Keine Sexszenen. Es ist nicht mal wirklich die Rede davon. Trotzdem riecht die Atmosphäre, wenn dieser Abend überhaupt eine hat, nach „Elementarteilchen“. Das wäre vielleicht was: Tschechows orientierungslose Clowns und – vergessen wir mal die Ideologieexperimente des 20. Jahrhunderts – dann gleich die Houellebecq’schen Klone. Aber all das versendet sich sofort, man ärgert sich über blöde Kleinigkeiten.

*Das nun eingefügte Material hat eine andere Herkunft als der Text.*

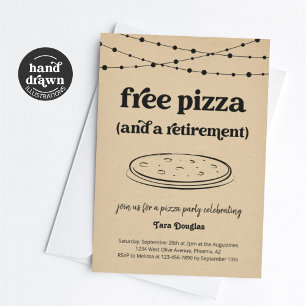 Grappige Gratis Pizza & een Pensioenfeest Uitnodig Kaart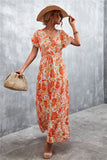 Floral Buttoned Drawstring Waist Tiered Dress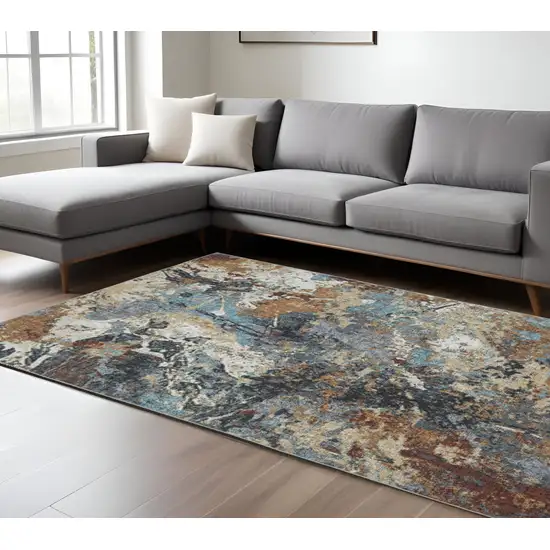 Blue And Rust Abstract Distressed Area Rug Photo 1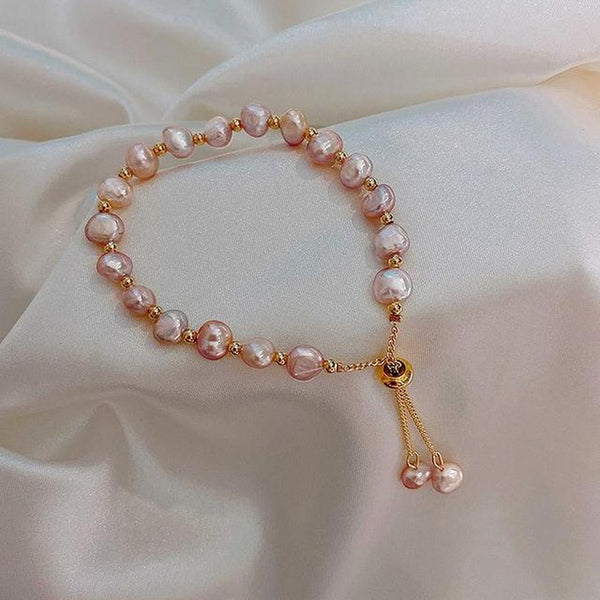 Joan Pink Daisy Bracelet | Gold-Tone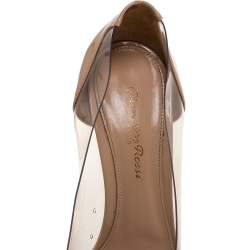 Pre Owned Gianvito Rossi Beige/White PVC and Leather Plexi Pointed Toe Pumps Size 36.5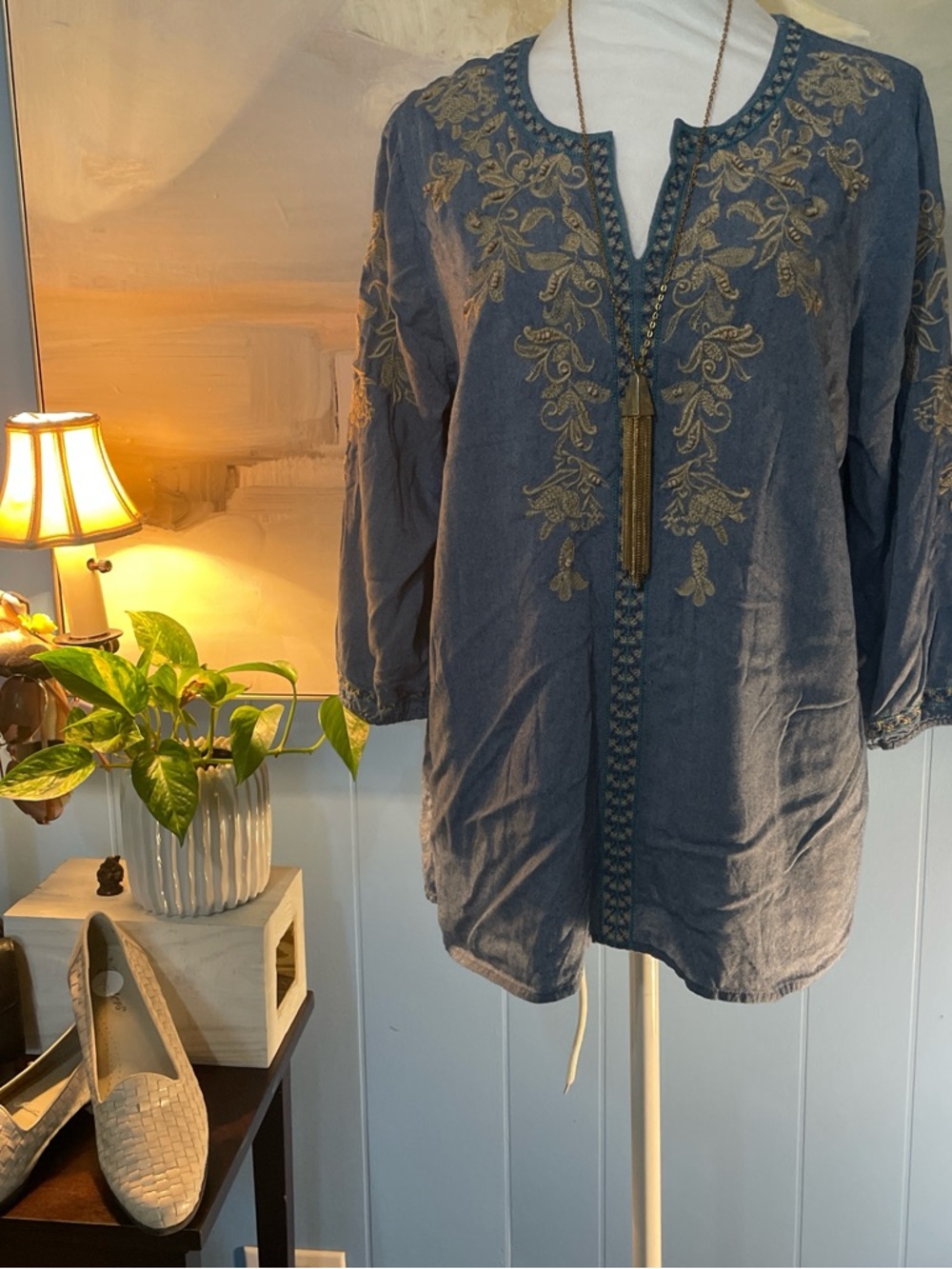 J. Jill Blue Tunic Blouse with Gold Embroidery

Thomas Wodianka (Platonov) irritiert mit seiner Wuschelperücke, die mehr an Wolfgang Niedecken als an den jungen, auratischen Dylan erinnert. Bei Pucher gibt’s die Sensationen, Emotionen, Assoziationen immer nur aus zweiter oder dritter Hand. Anfangs ein alter, tonloser Film: russische Intellektuelle auf dem Land, wie in Peter Steins „Sommergästen“. Verdammt lang her. Video ist hier: Verrat. Verlustanzeige. Eine Art fünfter Wand.

Pucher hat allerlei Regie-Einfälle, weil ihm im Grunde gar nichts einfällt. Vom heißen Blechdach in die cool-hilflose Verkopftheit. Am Ende müssen sie dann doch noch kraxeln – auf einer großen Schräge rutschen die Akteure über eine Projektion kriechender Leiber. Wenn gar nichts mehr hilft, das ist ja öfter zu beobachten, machen wir Tanztheater!

„Something is happening/And you don’t know what it is“: Bob Dylan mag sarkastischer erscheinen als Tschechow, doch der Befund ist der gleiche. Nenn es Orientierungslosigkeit oder das Gefühl, ein Freak zu sein unter lauter Verrückten. Zwischen Dylan, den Pucher hier genüsslich ausspielen lässt, und Tschechow liegen achtzig Jahre, und „Ballad Of A Thin Man“ ist nun auch schon vier Jahrzehnte alt. Der Unterschied zu heute: Die Kunst hat die Lust und die Kraft verloren, Lustlosigkeit und gesellschaftliche Lähmung zu beschreiben. Es gibt keine Differenz mehr zwischen Interpret/Akteur und seinem Gefühl oder Gegenstand.

Jetzt sind wir keine Elementar- , sondern Ersatzteilchen, haben den Überblick komplett verloren. Können nicht mal mehr sagen, dass wir nicht mehr durchsehen. Im Unterschied zu Tschechow ist jetzt nicht nur die Zukunft dahin, sondern auch die Vergangenheit. Pure Depression. Dafür aber ist Theater das falsche Medium. All die wunderbaren Schauspieler hängen hier ab, und wir müssen kapieren, dass dies auf keinen Fall ein wunderbarer Abend ist, sondern eine furchtbare Situation. So verlegen schien die Volksbühne nie. Dass nachher in der gut gefüllten Premierenlounge eine junge Frau fragt, was ist mit Dylan, ist er tot, setzt dem leeren Fass die Pappkrone auf.